Tuesday, 3 May 2016

SETTS #3 / Southeastern Ensemble for Today's and Tomorrow's Sounds / Review



SETTS #3
Southeastern Ensemble for
Today's and Tomorrow's Sounds
The Chamber, The Arts House
Sunday (1 May 2016)

This review was published in The Straits Times on 3 May 2016 with the title "Concert with an edge".

Simply put, Southeastern Ensemble for Today's and Tomorrow's Sounds (SETTS) is the most avant-garde of Singapore's new music groups. Its latest presentation was not so much a concert but a sitting within a creator's workshop and laboratory, half-expecting something to blow up in the face.

Composer Wang Chen Wei arranges a
microphone to record the string quartet.
The artists and technical crew of UFO Project
prepare themselves as an amused audience
(including Pearl Samuel and Peter Kellock) look on.

Tables and floor were littered with metres of cables and wires, a veritable spaghetti connected to computers, cameras, microphones, electronica and various paraphernalia. There were possibly more composers, performers, collaborators and support staff in attendance than actual audience, but nobody was counting.

The 2-hour programme performed without break opened with Waves, conceived by UFO Project, possessing the polystylism that described Russian composer Alfred Schnittke's works. A string quartet (violinists Christina Zhou and Nanako Takata, violist Janice Tsai and cellist Lin Juan), playing a Bach-like chorale, was being peppered by electronic sounds, and soon they were completely submerged.



A dancer dressed as an alien in pink polka dots then commanded the floor, spinning a globe attached to a slowly rotating electric drill. The quartet soon returned, closing in a serene C major chord, perhaps symbolising that peace and strife on earth comes in waves and cycles.

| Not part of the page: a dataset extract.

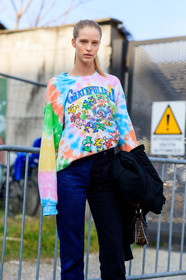 model, tie and dye sweatshirt, printed sweatshirt, orange sweatshirt, white sweatshirt, green sweatshirt, blue sweatshirt, pink sweatshirt, multicolor sweatshirt, fashion week, frenchystyle, FW, jonathan paciullo, street style, MFW, MILAN, AUTUMN WINTER 2020-2021, FALL WINTER 2020-2021, FW 20-21, vertical, atmosphere details, detail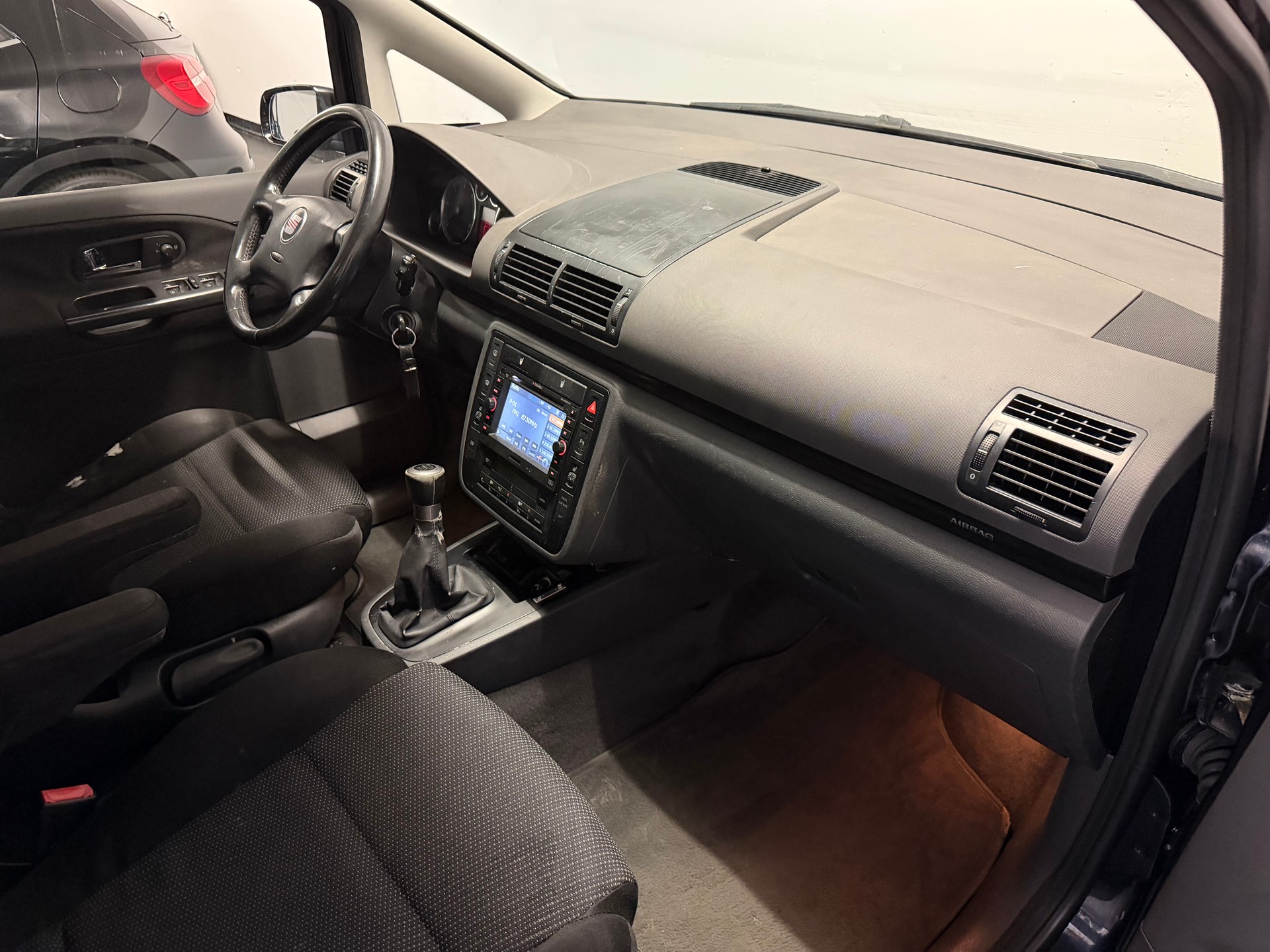 SEAT Alhambra 1.9 TDI Sport 4x4-image-13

The longest work was Chow Jun Yan's Childhood Rhapsody, from which four of six numbers were performed by pianist Shane Thio alongside the real-time painting of four canvasses by visual artist Frank Lee Foo Koon. Using combinations of brushes, rollers, improvised styli and Pollockian drip technique, these were more than mere scribbles.  Possibly representing suppressed memories of past trauma, the sometimes violent music was achieved by scraping and striking the innards of the grand piano.   

The chamber was then plunged into total darkness for Malaysian Goh Lee Kwang's The Air (Singapore). Snatches of clarinet (Colin Tan), flute (Roberto Alvarez) and oboe (Joost Flach) tones punctuating the stilness as a projected electronic stop watch counted the time elapsed. Resembling forest sounds at night and John Cage's Ryoanji, the work concluded just past the 10-minute mark.


Wang Chen Wei's Cosmic Echoes employed Alan Kartik's French horn skills, transformed by Kittiphan Janbuala's manipulations into time-phased distant tones. These had an unearthly ethereal feel, as if heard from some faraway galaxy with digitally transformed images from the Hubble telescope. In a similar vein, transformations were applied to Christoph Wichert's bassooon and vocalisations in Ding Jian Han's Hanged,  using Eric Tan Wei Fang's poetry read by dramaturge Natalie Hennedige. 



The final work, E-lab-oration, was a joint effort by Hennedige, Thai composer Anothai Nithibon and Singaporean Hoh Chung Shih. Its title provides certain clues, as this was derived from a Facebook chat-cum discussion, with protagonists played by French horn, bassoon, piano and Iskandar Rashid on percussion. Whether solo, in conversation, or engaging in debate and gentle disagreement, here was a forum of ideas tossed up, discussed, accepted or rejected.

Composer Hoh Chung Shih works on his
personal composer as a silhouetted Shane Thio performs.

By wait, who does the fourth instrument represent? One guesses that to be the audience, the fourth leg of a stable table, without whom created music and performances such as these would cease to exist. The stars of SETTS #4 strike back on 26 September at Esplanade Recital Studio, so be sure to return.